_PROBLEM STATEMENT_: Leave the pictures in the listing below aside and reproduce exactly the lines starting with the one with "6 шт желтые" and going on through the one with "CA license plate 7MBQ216", both ends included.

**** EXERCISE DATA

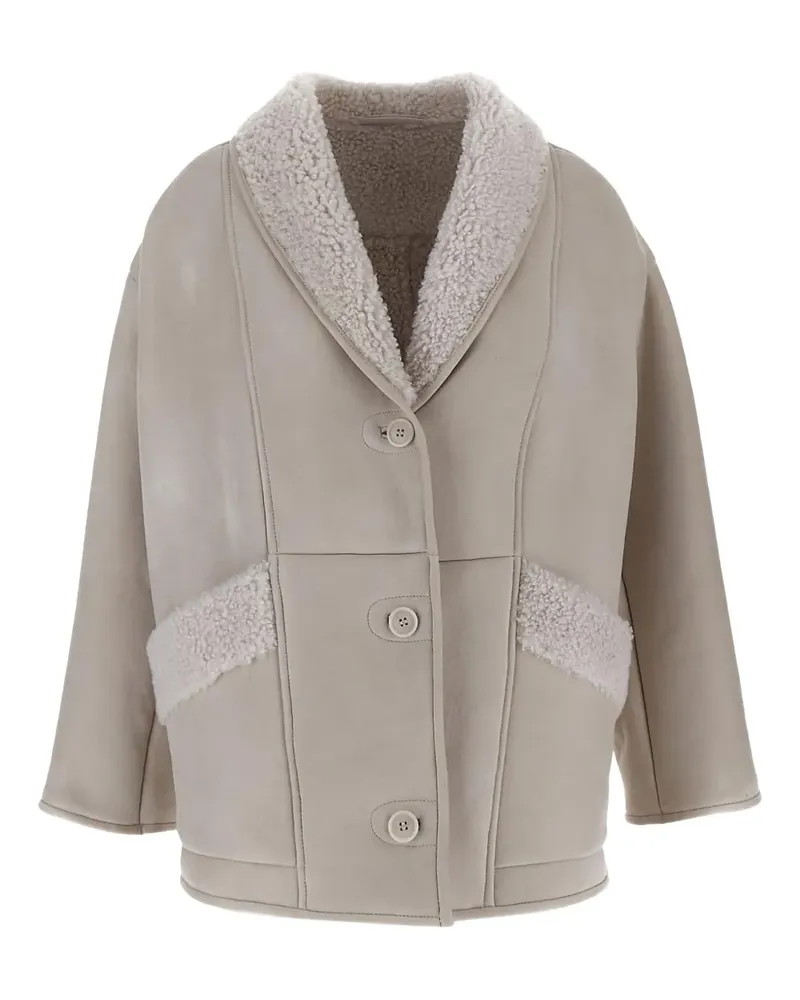 Salvatore Santoro Jacke aus Faux Shearling - Nude Nude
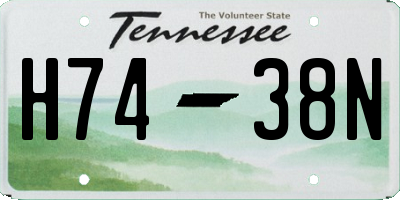 TN license plate H7438N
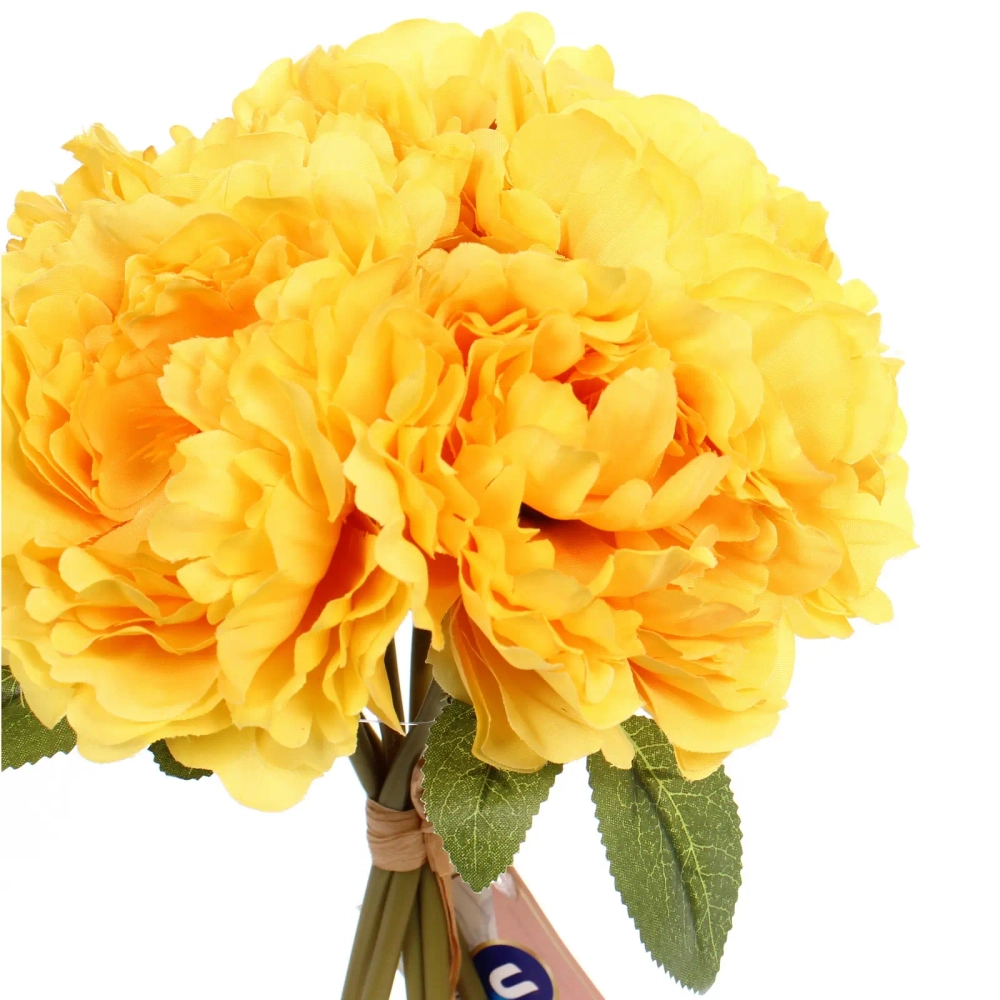Искусственные цветы «Пионы» 28см букет 6 шт желтые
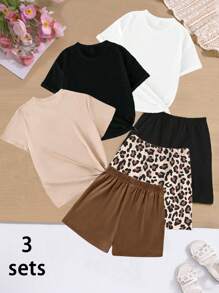 Sparklyn Bộ 3 món dành cho bé gái tuổi teen, kiểu dáng thường ngày, in hình họa tiết da báo ghép chữ, áo thun ngắn tay và quần short, thích hợp đi học, đại học, nghỉ hè. - Nhiều màu - Xem 2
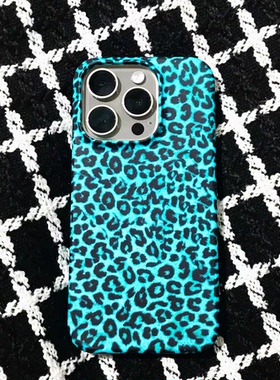 原创iphone15promax手机壳复古绿色豹纹y2k亚文化小众高级艺术原创13适用菲林磨砂亮面韩国二合一苹果14磨砂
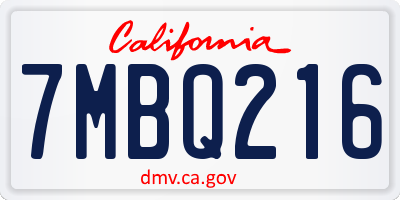 CA license plate 7MBQ216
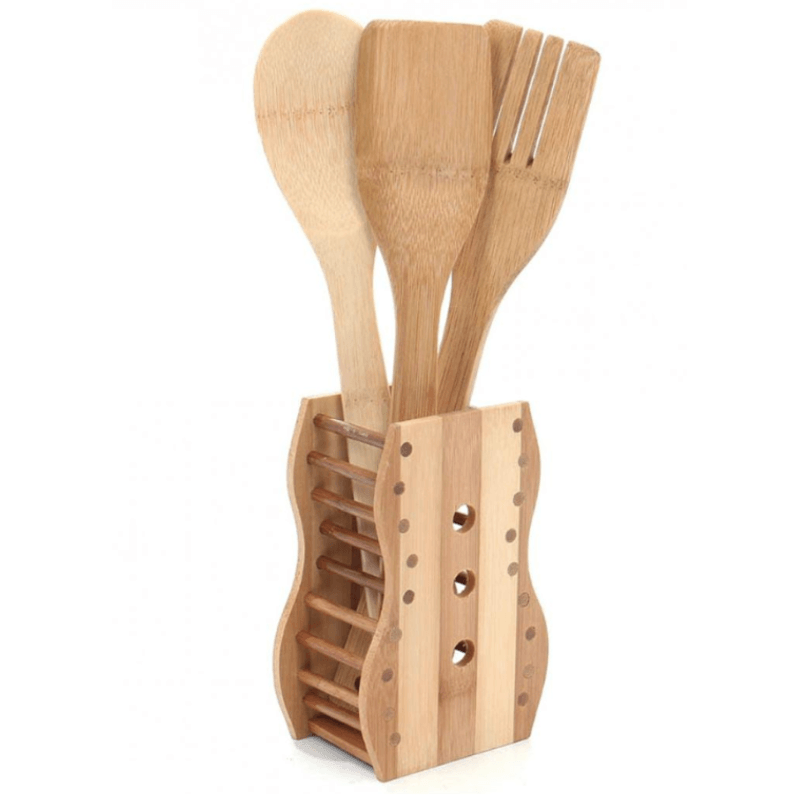 Casa si Gradina - Bucatarie si vesela - Ustensile bucatarie - Seturi ustensile de bucatarie - Set 3 ustensile bambus cu suport decor - Infinity.ro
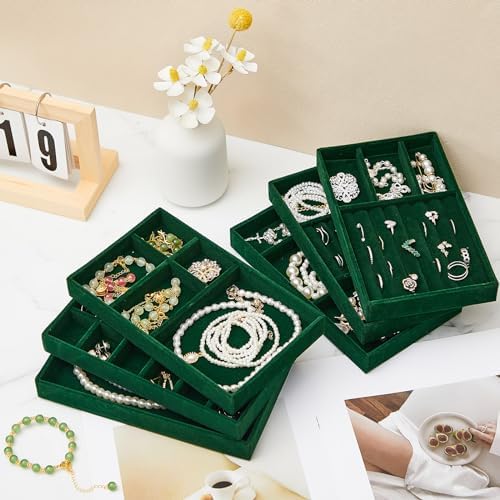 Junkin 18 Pcs Stackable Jewelry Drawer Organizer Inserts Dark Green - Image 5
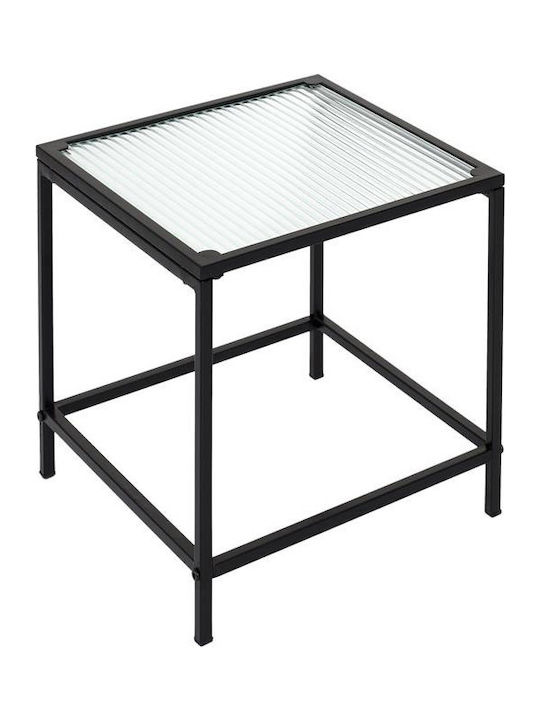 Square Zigon Nesting Glass Transparent Black 2 Pieces M45xW45xH50cm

********

_OUTPUT FOR THIS EXERCISE_:
Искусственные цветы «Пионы» 28см букет 6 шт желтые
 Sparklyn Bộ 3 món dành cho bé gái tuổi teen, kiểu dáng thường ngày, in hình họa tiết da báo ghép chữ, áo thun ngắn tay và quần short, thích hợp đi học, đại học, nghỉ hè. - Nhiều màu - Xem 2
 原创iphone15promax手机壳复古绿色豹纹y2k亚文化小众高级艺术原创13适用菲林磨砂亮面韩国二合一苹果14磨砂
 CA license plate 7MBQ216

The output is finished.